FROM: U.S. DEPARTMENT OF DEFENSE
Fanning: Air Force Must Innovate to Prosper
By Jim Garamone
American Forces Press Service
WASHINGTON, Sept. 16, 2013 - Acting Air Force Secretary Eric K. Fanning set the tone for the Air Force Association's 2013 Air and Space Conference today by stressing the need for innovation and agility as the service looks to the future.
Fanning said that interwar eras historically have rewarded services that pushed innovation and punished those that stagnated.
"And make no mistake about it, we are in a classic interwar defense budget drawdown even before the war ends," he said at the opening presentation here.
The air arm always been a military innovator, Fanning said. He looked to history and cited as examples the service championing air-to-air refueling, the B-17 Flying Fortress, forward air controllers and today's remotely piloted aircraft.
But with funding cuts the new norm for the military, Fanning highlighted this reality by quoting from Winston Churchill, British prime minister during World War II: "Gentlemen, we have run out of money. Now we have to think."
The other services rely upon the Air Force for logistics, space and combat support, the acting service secretary noted.
"As I look at the strategic environment, I see a future where the speed of information sharing increases exponentially and the global community becomes more international and interconnected," Fanning said.
This will increase reliance upon attributes the Air Force already possesses: speed, range, flexibility, innovation, precision and resilience, he said.
"In a time of drastically shrinking resources, we must capitalize on a future that, in my view, increasingly has an airpower bias," Fanning added.
The U.S. Air Force is the best air service the world has known, he said, but for it to stay that way, officials need to ask the right questions.
"Are we spending more and more money to gain only marginal capabilities in tomorrow's battlespace?" he asked. "Put another way, because we have been so successful, have we allowed ourselves to only work around the margins of our current structure rather than seeking innovations that will change the very DNA of airpower?"
From these basic questions come others, Fanning said.

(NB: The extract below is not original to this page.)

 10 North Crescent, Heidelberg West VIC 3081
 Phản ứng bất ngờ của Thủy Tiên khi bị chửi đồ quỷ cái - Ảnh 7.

How does the service change training to capitalize on its current superiority? How does the service change buying equipment to build on its strengths and ensure the taxpayer gets what is needed?
"Where is the next game changer in aerospace and in cyberspace?" he asked. "If we can't name it off the top of our heads, is that a red flag that we're not paying attention to strategic innovation? We need to take a long, hard look in the mirror and ask ourselves, 'How are we going to shape an Air Force that is affordable and sustainable over the long-term?'"
The Air Force has the ability to "own the future," Fanning said.
"We can be the nation's best option for deterrence, rapid action and increasingly for enduring presence as well," he added.